Training large-scale neural networks like Transformers is a cornerstone of modern AI, but it’s also one of the hardest parts of the process. At the center of this challenge lies the optimizer — algorithms like Adam or SGD that fine-tune model parameters step by step to minimize a loss function. Achieving top performance typically requires a laborious, resource-heavy cycle of trial and error, with endless hyperparameter tuning for each new architecture or task.

But what if we could learn the optimizer itself? What if, instead of hand-designing new training strategies, we could create a neural network that learns how to train other neural networks?

That vision lies at the heart of Learning to Learn (L2L) — also known as meta-learning. And the new DeepMind research paper “Mnemosyne: Learning to Train Transformers with Transformers” pushes this idea further than ever before. It introduces Mnemosyne, a learnable optimizer built on a specially designed Transformer architecture. Unlike previous learned optimizers that rely on recurrent models like LSTMs, Mnemosyne uses an innovative spatio-temporal attention mechanism that allows it to learn optimization strategies across space (parameters) and time (training history).

The results are striking: Mnemosyne can train entire neural networks — including massive Transformers — without any manual hyperparameter tuning. It rivals or even surpasses top-performing optimizers like Adam, while maintaining similar memory and computational efficiency.


From Hand-Tuned to Learned Optimizers

To grasp Mnemosyne’s breakthrough, it helps to formalize what an optimizer does. Training a neural network is a sequential decision process. At each iteration \( t \), the optimizer updates the model’s parameters \( \mathbf{x}_t \) to minimize its loss \( f(\mathbf{x}_t) \).

For a learnable optimizer, we can define this update rule as:

\[ \mathbf{x}_{t+1} = g_\theta(f, \mathbf{x}_0, ..., \mathbf{x}_t) \]

Here, \( g_\theta \) is the optimizer — itself a neural network parameterized by \( \theta \). During meta-training, \( g_\theta \) learns to minimize a “meta-loss,” usually the sum of the optimizee’s losses over several training steps. Put simply, we train the optimizer to become good at training other networks.

Traditional learned optimizers have used LSTMs as memory components, capable of remembering short-term patterns during optimization. However, LSTMs can suffer from catastrophic forgetting, losing track of useful long-term information. Transformers, by contrast, thrive on modeling long-range dependencies through attention. The challenge is their quadratic complexity with respect to sequence length — a serious issue for optimization histories spanning thousands of steps. Mnemosyne solves this elegantly.

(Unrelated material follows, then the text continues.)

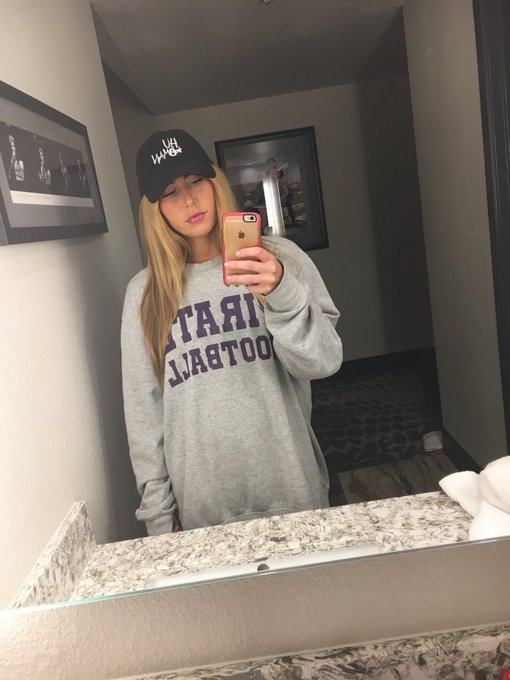the amount of compliments I get on wearing this oversized sweatshirt as a dress gives me hope for humanity<a href="/tag/happybirthday"class="tags"><span>#happybirthday</span></a><a href="/tag/wishuwerebeer"class="tags"><span>#wishuwerebeer</span></a>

Inside Mnemosyne: A Transformer That Optimizes Transformers

Mnemosyne isn’t a single block but a modular architecture combining two key encoders: one for spatial structure and one for temporal memory. It supports two modes of operation — coordinate-wise and tensor-wise — depending on whether individual parameters or entire tensors are optimized together.

Two modes of Mnemosyne optimization. (a) Coordinate-wise: each parameter \\( r_i \\) passes through a Compact Associative Memory (CAM) and MLP to generate its update. (b) Tensor-wise: A tensor \\( S_T \\) goes through the Hierarchical Pooling Encoder (HPE), CAM, and a Spatial Encoder (SPE) pipeline, producing a compact representation \\( e \\) that informs the final update.

Figure 2: Two complementary application modes of Mnemosyne.

Let’s break down these components.


Topological Encoder: Learning the Structure of the Model

Instead of viewing a network’s millions of parameters as a flat list, Mnemosyne respects the natural hierarchy of tensors and layers — weight matrices, bias vectors, and modules form a “parameter tree.” In tensor-wise mode, Mnemosyne looks at an entire tensor at once, converting each parameter into a simple 2D representation (often just the magnitude and sign of its gradient). This long sequence of tokens could easily exceed a million elements, too large even for efficient linear Transformers.

To tackle this, Mnemosyne introduces the Hierarchical Pooling Encoder (HPE), which progressively compresses the tensor into a few high-level meta-tokens.

Illustration of the Hierarchical Pooling Encoder (HPE) and Compact Associative Memory (CAM). The HPE converts large tensors into compact meta tokens through multi-layer pooling with Performers, which feed into the CAM memory that produces a learned readout for the optimizer.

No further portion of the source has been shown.